SLFA Pushes on with Player Development Programmes

Young players complete an intensive training session.
Young players complete an intensive training session.

The St Lucia Football Association [SLFA] Inc. is extending support to local football players aspiring to compete at the professional level in the sport through its Player Development Programme.

According to SLFA’s general secretary Victor Reid, the Player Development Program is a “support system” geared to facilitate and cater for the island’s national players or other prospective athletes. This support programme aims to help harness a cadre of top-ranked footballers.

The SLFA general secretary noted that several overseas –based semi-pro and professional clubs have been scouting for talent and are desirous of getting local players with the requisite ‘skills set’ into their respective camps.

“The SLFA has facilitated the process to a certain extent,” Reid told reporters at a recent media brief. “For instance, some players may be playing in Jamaica, or in the Dominican Republic and they can’t afford the airfares to get there for the trials, so we would give them that kind of support to go to the trials.”

Also, he said, there are other instances whereby “some players don’t have the means …not just to go, but in terms of having equipment and so forth. And so, we would give them that kind of support”.

Added Reid, “We also look for clubs (overseas) and try to get them to look at (scout) our players and to take them on and allow the player/s to play for them.”

He said “the trend of thought” indicates that players must get the opportunity to play in the overseas leagues to acquire the “proficiency” that is needed to make it to the professional stage.

With focus on producing players of a high quality, Reid asserted: “So that is one of the thrust that we have , to try and get as many players as possible out of Saint Lucia …to play and compete in tournaments on a regular basis.”

He said that while at the national level, players get to compete within a six-month period or so, however the SLFA is cognizant of the value and importance of players’ participating in higher professional leagues.

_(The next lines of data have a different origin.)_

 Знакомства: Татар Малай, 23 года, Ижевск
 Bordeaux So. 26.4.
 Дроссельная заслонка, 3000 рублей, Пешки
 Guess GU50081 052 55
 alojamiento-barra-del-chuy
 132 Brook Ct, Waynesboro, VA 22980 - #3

In addition, said Reid, the SLFA also provide scholarship opportunities for young players. He added, “In the past we had a strong scholarship programme with the Free Kick Foundation …and we also have a local component of the Scholarship Programme where we provide support to young Saint Lucians to attend classes at the secondary school level and also at the Sir Arthur Lewis Community College [SALCC].”

He said the “International Scholarship programme is on a low” due to the Covid-19 issues and “we are hoping that by sometime next year, it will resurface.”

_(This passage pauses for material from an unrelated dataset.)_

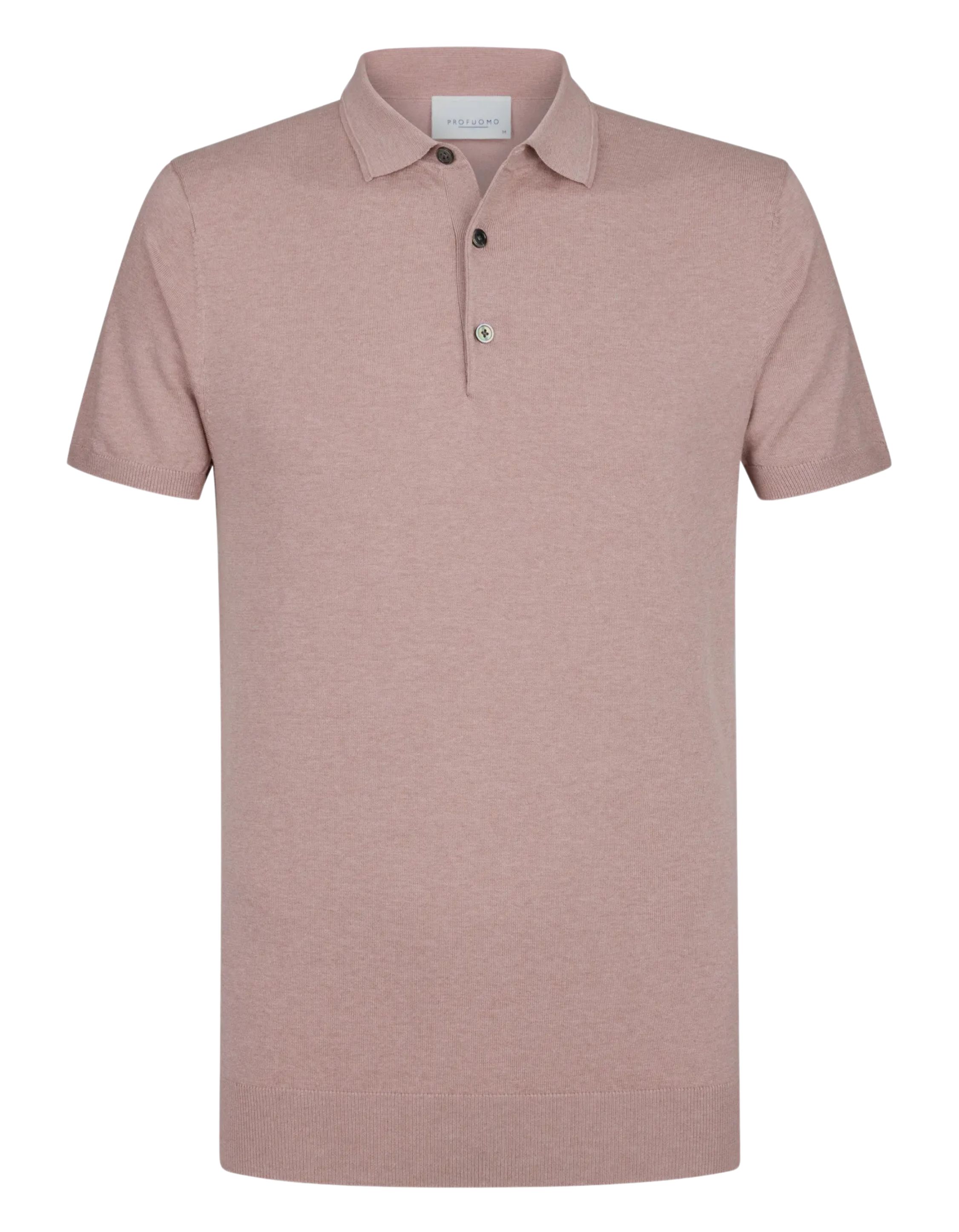 Profuomo Polos ppwd10001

Reid explained that additional support is provided to national players through dialogue and consultation with the national head coach Stern John and his technical team “on how to deal with their issues and how to become better national players and so on…and he (John) has developed a very good rapport with some of these players, in terms of giving them the advice and the support that they need to become the best players that they can be.”

Commenting on plans for the establishment of a semi-professional soccer league on island, the SLFA general secretary stated that the onus is on getting players “more playing time” and to promote “our own semi-professional league in Saint Lucia”.

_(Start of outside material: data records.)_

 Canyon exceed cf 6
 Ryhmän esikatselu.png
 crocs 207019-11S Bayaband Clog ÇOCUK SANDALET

He asserted: “The objective is to raise the standards and to give them the opportunity to play more football in Saint Lucia. That will augur well so for us, in terms of our national teams that the players will not have to be traveling, all the time …and hopefully, as they progress in Saint Lucia, the clubs will recruit them to play for them.”

Additionally, said Reid, the SLFA has implemented its Training Development Program with the view to assisting each of its 19 league /affiliates with the sum of S20, 000 to help with its community development programs. He explained that the figure may vary from $20, 000 to $30,000 each year depending on the structure of the program

However, there are certain criteria that the affiliates must meet to access these funds, and this includes; having a technical director, women’s football programme, national programme, budget and “the leagues getting 50% of the funding in the first six months …and they get 50% in the second part of the year.”

Reid said, the SLFA has also initiated the use of QuickBooks to the leagues, and “every league member has an online QuickBooks account, so when they receive the $10,000 or whatever sum it is, you have to enter it into QuickBooks and every transaction is recorded in QuickBooks”.

He said an SLFA accounts clerk reviews the accounts daily, “because FIFA needs to know how the funds are spent and FIFA needs to be satisfied that the funds are spent properly on things that are in the regulations.”

On the Talent Identification Programme, Reid explained that FIFA had conducted a survey of Saint Lucia football and in addition, provide countries with an opportunity to put up a program that is subsequently funded.

Reid says the SLFA has been in dialogue with FIFA officials and have requested the implementation of a zonal programme “where we are going to identify those young players who have potential and bring them to a centre in the zone, maybe two or three times per week where the coaches work with them and help them develop, so they can grow up into national players …or to develop into players that can represent their various leagues in the U-13, U-17s and so on as we progress.”

He said that soon as the funds are available “we can launch the program, islandwide.”